在閱讀李洱小說的時候,我們可能還會考慮人性、性格和文學人物形象的問題,因為這涉及短篇小說中人物形象這一重要元素在李洱小說中的作用、價值和意義。記得汪曾祺在評價林斤瀾的小說時說:“林斤瀾寫人,已經超越了‘性格。他不大寫一般意義上的、外部的性格。他甚至連人的外貌都寫得很少,幾筆。他寫的是人的內在的東西,人的氣質,人的‘品。得其精而遺其粗。”{10}一般地說,“接近真實”,就必須竭力塑造人物性格。而余華對此有不同看法:“性格關心的是人的外表而非內心,而且經常粗暴地干涉作家試圖進一步深入人的復雜層面的努力,因此我更關心的是人物的欲望,欲望比性格更能代表一個人的存在價值。”{11}汪曾祺和余華對小說是否一定要以“性格”為入口進入人的精神、心理乃至靈魂層面,提出了質疑。

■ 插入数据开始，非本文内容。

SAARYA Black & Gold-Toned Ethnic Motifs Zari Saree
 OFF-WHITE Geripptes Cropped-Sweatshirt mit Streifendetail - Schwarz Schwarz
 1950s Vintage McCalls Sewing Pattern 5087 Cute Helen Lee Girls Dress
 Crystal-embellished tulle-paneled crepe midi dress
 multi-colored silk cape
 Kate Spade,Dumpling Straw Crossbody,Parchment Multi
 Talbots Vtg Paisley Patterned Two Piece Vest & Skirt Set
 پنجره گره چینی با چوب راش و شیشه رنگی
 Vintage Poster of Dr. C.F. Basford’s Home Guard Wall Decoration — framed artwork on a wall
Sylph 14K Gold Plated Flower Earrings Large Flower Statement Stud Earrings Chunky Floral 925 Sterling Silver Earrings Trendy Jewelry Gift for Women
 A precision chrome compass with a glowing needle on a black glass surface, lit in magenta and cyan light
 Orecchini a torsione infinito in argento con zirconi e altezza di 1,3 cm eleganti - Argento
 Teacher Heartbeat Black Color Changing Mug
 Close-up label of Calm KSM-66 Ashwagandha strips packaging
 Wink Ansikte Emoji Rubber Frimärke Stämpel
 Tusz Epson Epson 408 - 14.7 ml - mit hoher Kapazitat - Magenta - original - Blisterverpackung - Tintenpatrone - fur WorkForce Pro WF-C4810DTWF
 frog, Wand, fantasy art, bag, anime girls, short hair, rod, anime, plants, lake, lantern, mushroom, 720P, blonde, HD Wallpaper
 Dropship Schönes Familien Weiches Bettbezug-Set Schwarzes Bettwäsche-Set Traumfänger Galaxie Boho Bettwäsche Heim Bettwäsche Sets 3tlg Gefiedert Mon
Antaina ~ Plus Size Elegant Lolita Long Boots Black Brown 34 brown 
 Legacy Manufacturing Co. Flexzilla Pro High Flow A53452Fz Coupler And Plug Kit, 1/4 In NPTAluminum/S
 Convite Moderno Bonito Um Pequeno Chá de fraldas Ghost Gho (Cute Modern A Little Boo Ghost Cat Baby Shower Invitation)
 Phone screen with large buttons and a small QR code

對于小說而言,在一定的文本情境、場域或有限的鏡像范疇內,呈現出人物最重要和真實的存在狀態和人格評估,表現人的欲望形態,確實比呈現性格層面更具有沖擊力和辨識度。
仔細琢磨李洱的短篇小說,看得出,他確實不在意人物性格的“刻畫”和凸顯,而是更注重人物在特定時空的行動力和心理、智力活動,由此潛入人物的欲望層面,傾聽他們靈魂深處的聲音。《喑啞的聲音》里,孫良和鄧林的曖昧情感,似乎與孫良和鄧林各自的性格系統并無特別密切的關聯。孫良在費邊家聽到濟州播音主持的故事,成為敘述的伏筆和暗示,而促使孫良走進鄧林情感世界的決定性因素,還是孫良孤獨的心境和情感寂寞。兩者之間“喑啞”的“饒舌”,構成了他們這場“婚外戀”滯澀和粗糲的尷尬狀態,同時,還充滿了兩者各自的自我質疑。在這里,李洱雖然無法描述出孫良的性格,但是通過兩者交往的狀態,已經讓我們感受到“聲音”“氣息”和“饒舌”話語的粘滯與膠著。盡管他們仍然處于一種相互“傾聽”的狀態,但實質上卻是非對話、恍惚的“自語”的話語處境。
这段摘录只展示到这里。